• **What is required**
Where the line with "Knit Bow Hair" appears below, start writing out lines exactly, and finish with the line with "Vintage Christmas Card", which is included; write out nothing else.

• **Data for processing**
+ + +

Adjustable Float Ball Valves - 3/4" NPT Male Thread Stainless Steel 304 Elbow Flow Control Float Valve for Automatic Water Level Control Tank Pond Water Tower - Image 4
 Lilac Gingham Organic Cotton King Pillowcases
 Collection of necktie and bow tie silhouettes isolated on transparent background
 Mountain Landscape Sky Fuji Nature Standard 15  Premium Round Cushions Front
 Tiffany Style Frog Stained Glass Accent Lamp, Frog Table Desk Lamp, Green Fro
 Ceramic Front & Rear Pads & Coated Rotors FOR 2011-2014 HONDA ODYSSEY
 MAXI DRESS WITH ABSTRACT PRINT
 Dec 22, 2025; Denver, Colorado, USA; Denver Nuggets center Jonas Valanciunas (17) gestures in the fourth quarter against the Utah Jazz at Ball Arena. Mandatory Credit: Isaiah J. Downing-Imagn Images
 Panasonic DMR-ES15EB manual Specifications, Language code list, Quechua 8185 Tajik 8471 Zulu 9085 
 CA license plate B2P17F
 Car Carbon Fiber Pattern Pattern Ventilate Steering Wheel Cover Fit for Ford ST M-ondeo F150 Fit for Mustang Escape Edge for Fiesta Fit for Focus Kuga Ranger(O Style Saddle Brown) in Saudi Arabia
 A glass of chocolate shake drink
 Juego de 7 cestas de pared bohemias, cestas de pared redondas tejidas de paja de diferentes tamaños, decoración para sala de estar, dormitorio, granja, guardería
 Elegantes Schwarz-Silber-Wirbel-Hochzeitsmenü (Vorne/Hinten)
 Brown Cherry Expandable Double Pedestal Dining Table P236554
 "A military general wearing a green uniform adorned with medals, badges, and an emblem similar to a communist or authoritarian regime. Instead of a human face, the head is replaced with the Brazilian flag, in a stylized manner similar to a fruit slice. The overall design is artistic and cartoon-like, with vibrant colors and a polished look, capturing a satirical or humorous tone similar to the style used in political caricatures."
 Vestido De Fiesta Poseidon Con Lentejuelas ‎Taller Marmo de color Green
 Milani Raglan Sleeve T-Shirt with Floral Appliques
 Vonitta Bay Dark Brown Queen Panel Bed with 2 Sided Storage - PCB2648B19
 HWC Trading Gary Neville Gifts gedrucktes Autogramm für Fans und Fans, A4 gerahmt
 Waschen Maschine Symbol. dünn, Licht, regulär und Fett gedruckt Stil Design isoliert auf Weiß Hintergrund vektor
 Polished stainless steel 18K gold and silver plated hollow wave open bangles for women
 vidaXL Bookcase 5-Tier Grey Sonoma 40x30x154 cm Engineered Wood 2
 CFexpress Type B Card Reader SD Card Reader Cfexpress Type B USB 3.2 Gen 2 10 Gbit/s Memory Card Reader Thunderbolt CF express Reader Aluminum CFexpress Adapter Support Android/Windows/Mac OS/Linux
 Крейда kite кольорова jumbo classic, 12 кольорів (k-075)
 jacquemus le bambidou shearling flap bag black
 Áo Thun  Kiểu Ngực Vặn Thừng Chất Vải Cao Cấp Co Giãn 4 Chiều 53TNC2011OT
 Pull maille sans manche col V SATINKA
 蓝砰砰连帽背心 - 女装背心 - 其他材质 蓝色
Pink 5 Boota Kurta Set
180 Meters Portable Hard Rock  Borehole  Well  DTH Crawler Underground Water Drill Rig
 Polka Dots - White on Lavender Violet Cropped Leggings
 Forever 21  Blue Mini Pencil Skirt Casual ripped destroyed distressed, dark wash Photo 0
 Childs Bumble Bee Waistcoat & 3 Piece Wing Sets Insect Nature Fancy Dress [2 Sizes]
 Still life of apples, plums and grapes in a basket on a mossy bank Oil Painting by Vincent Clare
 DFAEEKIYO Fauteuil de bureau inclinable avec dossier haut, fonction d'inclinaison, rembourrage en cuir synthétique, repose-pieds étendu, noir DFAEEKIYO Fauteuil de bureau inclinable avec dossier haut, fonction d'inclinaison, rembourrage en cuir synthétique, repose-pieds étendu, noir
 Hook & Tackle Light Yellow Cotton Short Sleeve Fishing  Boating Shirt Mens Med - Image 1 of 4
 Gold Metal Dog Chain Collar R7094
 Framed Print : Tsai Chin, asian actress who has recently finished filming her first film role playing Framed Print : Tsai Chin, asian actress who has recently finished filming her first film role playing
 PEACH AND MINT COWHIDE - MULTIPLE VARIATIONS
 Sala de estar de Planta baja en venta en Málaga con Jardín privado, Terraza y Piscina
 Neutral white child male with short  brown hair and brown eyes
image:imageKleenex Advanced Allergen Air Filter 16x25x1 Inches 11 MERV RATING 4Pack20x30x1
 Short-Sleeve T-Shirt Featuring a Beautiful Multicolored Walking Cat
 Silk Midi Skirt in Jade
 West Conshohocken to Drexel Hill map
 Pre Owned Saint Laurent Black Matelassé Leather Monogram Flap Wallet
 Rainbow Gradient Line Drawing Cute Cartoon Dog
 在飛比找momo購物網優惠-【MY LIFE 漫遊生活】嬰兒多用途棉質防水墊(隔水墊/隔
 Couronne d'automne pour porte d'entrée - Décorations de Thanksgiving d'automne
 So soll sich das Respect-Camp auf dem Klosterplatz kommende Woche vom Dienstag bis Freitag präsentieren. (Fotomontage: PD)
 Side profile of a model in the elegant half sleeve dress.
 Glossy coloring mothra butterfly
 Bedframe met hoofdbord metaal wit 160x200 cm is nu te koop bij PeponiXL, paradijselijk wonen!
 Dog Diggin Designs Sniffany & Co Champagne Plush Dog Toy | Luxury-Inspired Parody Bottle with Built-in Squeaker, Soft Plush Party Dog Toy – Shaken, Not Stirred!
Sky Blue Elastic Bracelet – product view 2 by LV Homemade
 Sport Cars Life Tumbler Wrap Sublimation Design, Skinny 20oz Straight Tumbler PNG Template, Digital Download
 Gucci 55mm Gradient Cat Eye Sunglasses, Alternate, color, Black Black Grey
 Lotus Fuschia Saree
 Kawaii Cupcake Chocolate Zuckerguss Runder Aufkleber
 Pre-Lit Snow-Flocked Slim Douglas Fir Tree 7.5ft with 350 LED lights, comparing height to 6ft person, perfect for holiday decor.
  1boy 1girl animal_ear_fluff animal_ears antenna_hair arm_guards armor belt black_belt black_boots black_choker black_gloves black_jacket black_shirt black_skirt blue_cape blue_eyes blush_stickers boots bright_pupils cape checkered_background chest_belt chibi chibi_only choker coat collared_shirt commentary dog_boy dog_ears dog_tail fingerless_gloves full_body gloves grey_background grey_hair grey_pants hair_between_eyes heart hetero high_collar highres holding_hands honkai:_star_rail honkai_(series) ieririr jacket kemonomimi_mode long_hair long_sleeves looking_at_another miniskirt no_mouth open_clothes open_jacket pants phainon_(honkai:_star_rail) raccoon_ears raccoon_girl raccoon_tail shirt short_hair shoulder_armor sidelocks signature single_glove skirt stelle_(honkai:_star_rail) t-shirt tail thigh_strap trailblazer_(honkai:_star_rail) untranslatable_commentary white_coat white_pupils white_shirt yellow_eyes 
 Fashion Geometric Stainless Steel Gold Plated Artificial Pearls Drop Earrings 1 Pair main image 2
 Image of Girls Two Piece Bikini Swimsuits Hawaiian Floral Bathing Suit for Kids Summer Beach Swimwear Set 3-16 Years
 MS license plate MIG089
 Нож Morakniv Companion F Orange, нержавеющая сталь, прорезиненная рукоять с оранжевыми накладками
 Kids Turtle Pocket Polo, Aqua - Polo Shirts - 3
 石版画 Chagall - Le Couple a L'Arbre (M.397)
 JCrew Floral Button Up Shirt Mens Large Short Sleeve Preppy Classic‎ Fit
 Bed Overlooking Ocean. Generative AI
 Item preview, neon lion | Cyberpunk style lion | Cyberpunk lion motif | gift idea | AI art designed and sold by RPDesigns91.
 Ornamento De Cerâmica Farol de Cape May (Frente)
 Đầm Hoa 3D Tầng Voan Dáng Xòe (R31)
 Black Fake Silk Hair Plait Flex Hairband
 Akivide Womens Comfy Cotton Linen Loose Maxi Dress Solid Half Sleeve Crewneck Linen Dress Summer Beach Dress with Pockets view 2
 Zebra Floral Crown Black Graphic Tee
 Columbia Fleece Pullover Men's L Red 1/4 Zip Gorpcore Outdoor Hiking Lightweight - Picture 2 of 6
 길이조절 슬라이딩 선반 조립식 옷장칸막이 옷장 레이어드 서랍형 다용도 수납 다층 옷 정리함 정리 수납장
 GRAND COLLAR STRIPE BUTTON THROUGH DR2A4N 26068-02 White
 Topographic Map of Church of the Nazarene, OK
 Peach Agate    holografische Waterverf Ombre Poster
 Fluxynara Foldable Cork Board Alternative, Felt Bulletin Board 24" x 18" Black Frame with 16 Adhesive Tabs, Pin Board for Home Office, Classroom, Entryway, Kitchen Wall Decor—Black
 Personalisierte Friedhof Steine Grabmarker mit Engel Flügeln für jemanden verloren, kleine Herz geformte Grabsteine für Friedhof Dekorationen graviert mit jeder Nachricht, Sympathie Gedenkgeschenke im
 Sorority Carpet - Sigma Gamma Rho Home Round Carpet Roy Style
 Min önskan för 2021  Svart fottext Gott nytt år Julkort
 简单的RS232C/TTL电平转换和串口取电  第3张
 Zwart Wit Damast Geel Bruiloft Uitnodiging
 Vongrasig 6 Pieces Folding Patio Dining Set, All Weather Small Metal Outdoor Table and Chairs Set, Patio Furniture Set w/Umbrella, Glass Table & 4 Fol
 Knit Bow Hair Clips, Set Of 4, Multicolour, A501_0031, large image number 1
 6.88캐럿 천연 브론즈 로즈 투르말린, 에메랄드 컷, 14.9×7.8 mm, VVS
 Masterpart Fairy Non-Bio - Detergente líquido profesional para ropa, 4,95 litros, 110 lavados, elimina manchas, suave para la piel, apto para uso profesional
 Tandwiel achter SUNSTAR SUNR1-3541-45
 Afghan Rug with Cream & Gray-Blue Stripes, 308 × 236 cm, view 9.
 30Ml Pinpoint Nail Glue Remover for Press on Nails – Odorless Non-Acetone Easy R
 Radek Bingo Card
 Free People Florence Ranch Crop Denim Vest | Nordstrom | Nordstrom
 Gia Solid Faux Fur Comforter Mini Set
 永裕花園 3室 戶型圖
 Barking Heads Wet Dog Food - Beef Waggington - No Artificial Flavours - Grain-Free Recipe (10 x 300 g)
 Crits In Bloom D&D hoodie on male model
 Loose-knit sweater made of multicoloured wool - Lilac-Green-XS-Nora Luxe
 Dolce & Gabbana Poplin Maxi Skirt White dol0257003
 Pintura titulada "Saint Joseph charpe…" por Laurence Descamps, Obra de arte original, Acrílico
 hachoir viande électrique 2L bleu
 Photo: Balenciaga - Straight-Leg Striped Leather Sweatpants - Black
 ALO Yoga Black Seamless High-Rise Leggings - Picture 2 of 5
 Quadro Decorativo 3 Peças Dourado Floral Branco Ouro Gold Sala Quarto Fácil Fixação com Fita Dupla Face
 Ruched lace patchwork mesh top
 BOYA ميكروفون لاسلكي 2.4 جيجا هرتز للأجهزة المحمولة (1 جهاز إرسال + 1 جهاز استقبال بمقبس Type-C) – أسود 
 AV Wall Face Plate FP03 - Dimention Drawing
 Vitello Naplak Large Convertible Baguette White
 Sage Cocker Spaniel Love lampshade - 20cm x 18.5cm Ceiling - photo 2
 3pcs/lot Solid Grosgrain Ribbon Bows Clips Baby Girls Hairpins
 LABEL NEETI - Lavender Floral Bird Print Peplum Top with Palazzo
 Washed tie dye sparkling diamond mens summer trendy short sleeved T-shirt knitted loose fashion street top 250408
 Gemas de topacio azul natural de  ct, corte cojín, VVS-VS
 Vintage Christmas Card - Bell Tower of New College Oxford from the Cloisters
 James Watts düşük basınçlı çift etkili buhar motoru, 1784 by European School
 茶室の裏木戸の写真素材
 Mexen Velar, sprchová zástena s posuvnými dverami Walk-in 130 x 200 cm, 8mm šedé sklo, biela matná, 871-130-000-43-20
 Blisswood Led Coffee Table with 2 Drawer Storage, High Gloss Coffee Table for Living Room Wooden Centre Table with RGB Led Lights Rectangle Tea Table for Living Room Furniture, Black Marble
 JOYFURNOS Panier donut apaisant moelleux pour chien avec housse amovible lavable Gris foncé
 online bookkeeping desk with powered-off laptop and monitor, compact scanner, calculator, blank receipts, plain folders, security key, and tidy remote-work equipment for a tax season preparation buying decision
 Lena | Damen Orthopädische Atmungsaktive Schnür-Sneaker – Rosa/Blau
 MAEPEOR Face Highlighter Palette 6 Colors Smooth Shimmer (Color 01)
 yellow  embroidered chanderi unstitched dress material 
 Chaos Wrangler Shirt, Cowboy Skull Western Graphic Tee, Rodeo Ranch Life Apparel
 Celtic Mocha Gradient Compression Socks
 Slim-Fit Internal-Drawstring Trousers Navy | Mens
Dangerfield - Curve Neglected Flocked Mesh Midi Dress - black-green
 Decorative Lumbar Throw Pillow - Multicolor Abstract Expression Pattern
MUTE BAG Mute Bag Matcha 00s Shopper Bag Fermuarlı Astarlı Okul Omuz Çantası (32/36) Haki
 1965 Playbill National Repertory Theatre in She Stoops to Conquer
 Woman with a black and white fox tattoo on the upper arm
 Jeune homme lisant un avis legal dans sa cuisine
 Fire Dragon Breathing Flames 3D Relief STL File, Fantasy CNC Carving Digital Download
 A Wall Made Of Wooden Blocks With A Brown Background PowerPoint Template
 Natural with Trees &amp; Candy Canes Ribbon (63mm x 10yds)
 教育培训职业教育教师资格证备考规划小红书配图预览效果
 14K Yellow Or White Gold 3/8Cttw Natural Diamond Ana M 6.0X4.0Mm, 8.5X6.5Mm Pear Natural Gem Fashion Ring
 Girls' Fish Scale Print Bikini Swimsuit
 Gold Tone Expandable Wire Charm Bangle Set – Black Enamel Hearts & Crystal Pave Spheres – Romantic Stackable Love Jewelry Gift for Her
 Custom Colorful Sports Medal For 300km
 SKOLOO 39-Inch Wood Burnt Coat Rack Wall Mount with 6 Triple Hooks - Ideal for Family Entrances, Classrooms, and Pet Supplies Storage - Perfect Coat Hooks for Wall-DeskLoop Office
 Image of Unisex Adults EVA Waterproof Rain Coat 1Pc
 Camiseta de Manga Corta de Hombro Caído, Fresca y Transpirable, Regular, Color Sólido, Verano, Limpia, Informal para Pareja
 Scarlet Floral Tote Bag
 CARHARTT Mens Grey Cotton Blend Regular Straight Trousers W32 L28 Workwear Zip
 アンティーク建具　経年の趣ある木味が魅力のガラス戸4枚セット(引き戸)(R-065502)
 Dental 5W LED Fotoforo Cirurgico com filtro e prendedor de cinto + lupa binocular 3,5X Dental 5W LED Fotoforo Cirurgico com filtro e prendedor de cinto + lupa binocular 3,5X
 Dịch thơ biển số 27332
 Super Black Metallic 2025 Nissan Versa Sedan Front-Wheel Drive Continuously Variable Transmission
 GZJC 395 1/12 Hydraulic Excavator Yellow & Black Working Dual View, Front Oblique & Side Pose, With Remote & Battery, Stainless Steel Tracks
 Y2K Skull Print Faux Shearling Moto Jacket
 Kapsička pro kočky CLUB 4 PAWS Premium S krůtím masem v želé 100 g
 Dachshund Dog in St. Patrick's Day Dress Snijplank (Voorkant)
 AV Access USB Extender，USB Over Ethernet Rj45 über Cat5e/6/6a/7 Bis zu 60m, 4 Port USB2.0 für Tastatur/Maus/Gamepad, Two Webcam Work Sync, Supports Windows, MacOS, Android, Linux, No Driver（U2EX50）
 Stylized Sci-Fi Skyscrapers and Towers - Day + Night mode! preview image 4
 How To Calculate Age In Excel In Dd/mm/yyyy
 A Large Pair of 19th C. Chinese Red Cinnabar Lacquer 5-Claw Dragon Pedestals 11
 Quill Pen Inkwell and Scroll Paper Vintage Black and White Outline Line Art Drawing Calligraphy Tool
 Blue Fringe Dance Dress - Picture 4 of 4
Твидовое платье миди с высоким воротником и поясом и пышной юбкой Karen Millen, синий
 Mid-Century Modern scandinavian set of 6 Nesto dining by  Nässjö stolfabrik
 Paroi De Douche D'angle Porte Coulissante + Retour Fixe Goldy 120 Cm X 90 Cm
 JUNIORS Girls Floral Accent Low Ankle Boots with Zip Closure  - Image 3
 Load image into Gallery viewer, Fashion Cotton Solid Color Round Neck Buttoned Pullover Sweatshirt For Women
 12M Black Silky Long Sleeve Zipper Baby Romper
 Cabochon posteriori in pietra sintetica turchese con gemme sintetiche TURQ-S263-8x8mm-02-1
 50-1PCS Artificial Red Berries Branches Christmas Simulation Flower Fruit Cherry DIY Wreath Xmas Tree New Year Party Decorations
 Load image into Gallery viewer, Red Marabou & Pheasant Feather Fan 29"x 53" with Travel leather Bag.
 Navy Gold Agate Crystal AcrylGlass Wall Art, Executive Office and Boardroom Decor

+ + +

• **Answer**
 Knit Bow Hair Clips, Set Of 4, Multicolour, A501_0031, large image number 1
 6.88캐럿 천연 브론즈 로즈 투르말린, 에메랄드 컷, 14.9×7.8 mm, VVS
 Masterpart Fairy Non-Bio - Detergente líquido profesional para ropa, 4,95 litros, 110 lavados, elimina manchas, suave para la piel, apto para uso profesional
 Tandwiel achter SUNSTAR SUNR1-3541-45
 Afghan Rug with Cream & Gray-Blue Stripes, 308 × 236 cm, view 9.
 30Ml Pinpoint Nail Glue Remover for Press on Nails – Odorless Non-Acetone Easy R
 Radek Bingo Card
 Free People Florence Ranch Crop Denim Vest | Nordstrom | Nordstrom
 Gia Solid Faux Fur Comforter Mini Set
 永裕花園 3室 戶型圖
 Barking Heads Wet Dog Food - Beef Waggington - No Artificial Flavours - Grain-Free Recipe (10 x 300 g)
 Crits In Bloom D&D hoodie on male model
 Loose-knit sweater made of multicoloured wool - Lilac-Green-XS-Nora Luxe
 Dolce & Gabbana Poplin Maxi Skirt White dol0257003
 Pintura titulada "Saint Joseph charpe…" por Laurence Descamps, Obra de arte original, Acrílico
 hachoir viande électrique 2L bleu
 Photo: Balenciaga - Straight-Leg Striped Leather Sweatpants - Black
 ALO Yoga Black Seamless High-Rise Leggings - Picture 2 of 5
 Quadro Decorativo 3 Peças Dourado Floral Branco Ouro Gold Sala Quarto Fácil Fixação com Fita Dupla Face
 Ruched lace patchwork mesh top
 BOYA ميكروفون لاسلكي 2.4 جيجا هرتز للأجهزة المحمولة (1 جهاز إرسال + 1 جهاز استقبال بمقبس Type-C) – أسود 
 AV Wall Face Plate FP03 - Dimention Drawing
 Vitello Naplak Large Convertible Baguette White
 Sage Cocker Spaniel Love lampshade - 20cm x 18.5cm Ceiling - photo 2
 3pcs/lot Solid Grosgrain Ribbon Bows Clips Baby Girls Hairpins
 LABEL NEETI - Lavender Floral Bird Print Peplum Top with Palazzo
 Washed tie dye sparkling diamond mens summer trendy short sleeved T-shirt knitted loose fashion street top 250408
 Gemas de topacio azul natural de  ct, corte cojín, VVS-VS
 Vintage Christmas Card - Bell Tower of New College Oxford from the Cloisters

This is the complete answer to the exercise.